Disadari atau tidak, selera kita pada makanan sangat dipengaruhi oleh kebiasaan, khususnya kebiasaan yang telah kita lakukan/alami sejak kecil. Kalau kamu saat ini doyan makan sosis atau pizza, misalnya, kemungkinan besar kamu telah mengenal makanan-makanan itu sejak kecil, hingga terbiasa, dan menganggapnya enak.

Di sisi lain, orang yang tidak akrab dengan suatu makanan, biasanya akan menganggapnya “asing” sehingga tidak cocok dengan lidahnya. Dalam contoh sosis dan pizza, saya termasuk yang tidak akrab, hingga bisa dibilang tidak doyan. Karena sejak kecil memang tidak pernah kenal dengan makanan itu. Bahkan, ketika dewasa, dan melihat teman-teman saya makan pizza, saya tidak tertarik. Saya pernah mencoba mencicipi pizza, dan saya menganggap rasanya “aneh” di lidah saya. Ini tentu bukan salah pizza-nya, tapi semata karena saya tidak terbiasa memakannya.

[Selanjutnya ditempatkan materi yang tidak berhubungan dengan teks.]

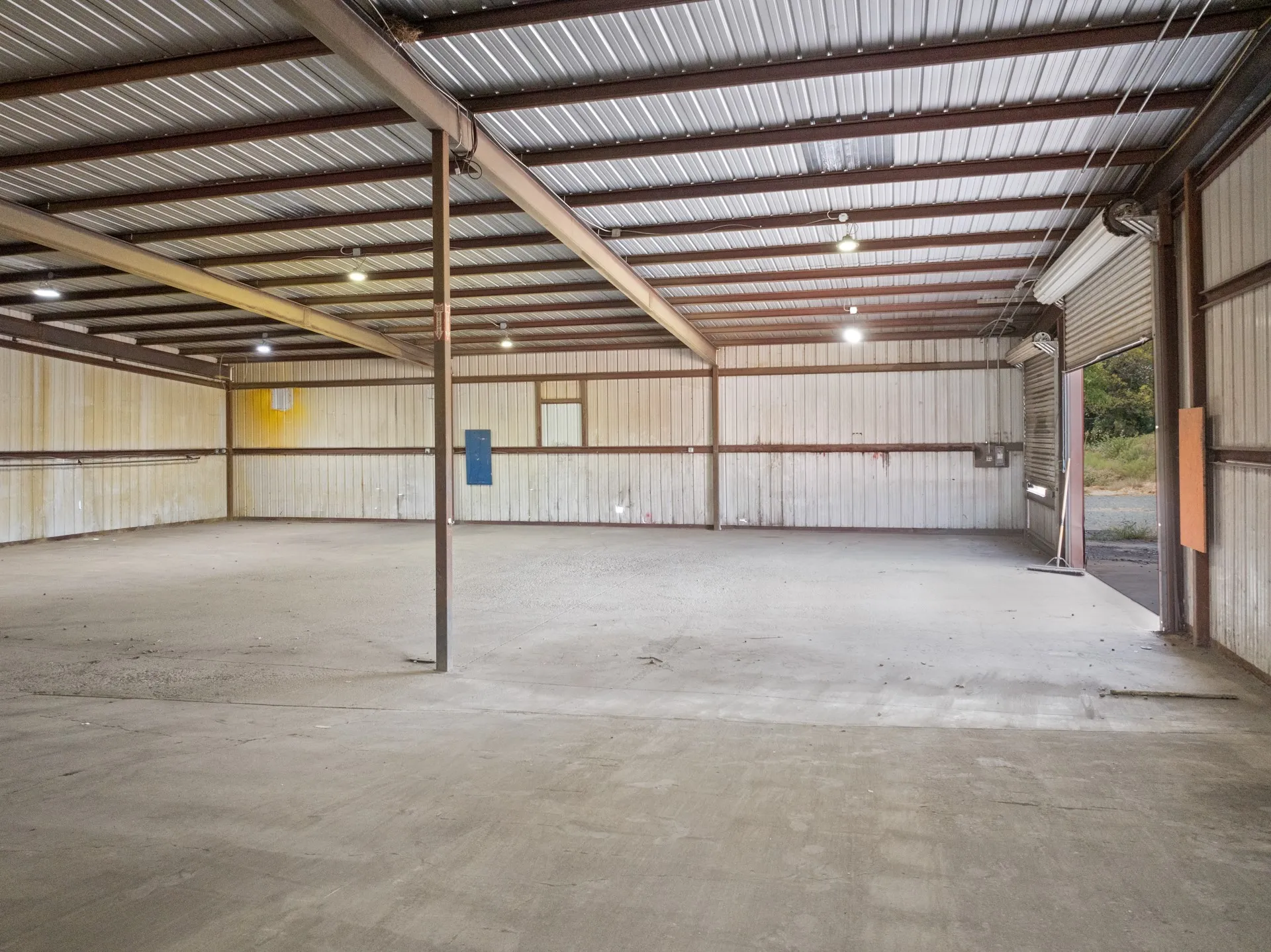 Warehouse For Sale in Titus County , 450 County Road 1312, Mt Pleasant, Texas 75455, 0, 0, Garage spaces, 0 Sqft, built in 1985, Price $585,000, mls#21348629, Real Estate Agent in Mt Pleasant, Homes For Sale in Titus county, Homes For Sale in Mt Pleasant, Realtor in Mt Pleasant Texas, Real Estate Brokerage Independent Realty Texas, Luminita Cordes Realtor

Sedari kecil, makanan yang akrab dengan saya adalah tahu, tempe, atau telur. Sampai sekarang, saya masih menggemari makanan-makanan itu, dan menganggapnya makanan enak.  

Kembali ke masakan ibu. Jadi, ada kemungkinan masakan ibu kita biasa-biasa saja, tapi kita menyukai masakannya, karena terbiasa. Hal ini, bisa jadi, akan dialami pula oleh anak yang sejak kecil menikmati masakan asisten rumah tangga (ART). 

Misalnya begini. Ayah dan ibumu sama-sama bekerja, sehingga urusan memasak di rumah diserahkan ke ART. Jadi, sejak kecil, ART di rumahmu tidak hanya bertugas mengasuhmu, tapi juga membuat masakan untuk keluargamu. Artinya, sejak kecil kamu akrab dan terbiasa dengan masakan buatan ART di rumahmu. Apakah masakannya enak? Mungkin enak, mungkin pula biasa-biasa saja. Tetapi, terlepas apakah masakannya enak atau tidak, kemungkinan besar kamu akan menyukainya, karena terbiasa sejak kecil.
 
Ada teman saya yang punya cerita “kocak” tapi mengharukan. Namanya Reno. Ayahnya pengusaha batik, dan ibunya sehari-hari membantu bisnis, mengurusi penjualan, hingga berkomunikasi dengan para pekerja. Karena itu, urusan rumah tangga semisal memasak, diserahkan ke ART. Jadi, sejak kecil, Reno sudah akrab dan terbiasa dengan masakan ART di rumahnya. Dan dia menganggapnya enak, tentu saja.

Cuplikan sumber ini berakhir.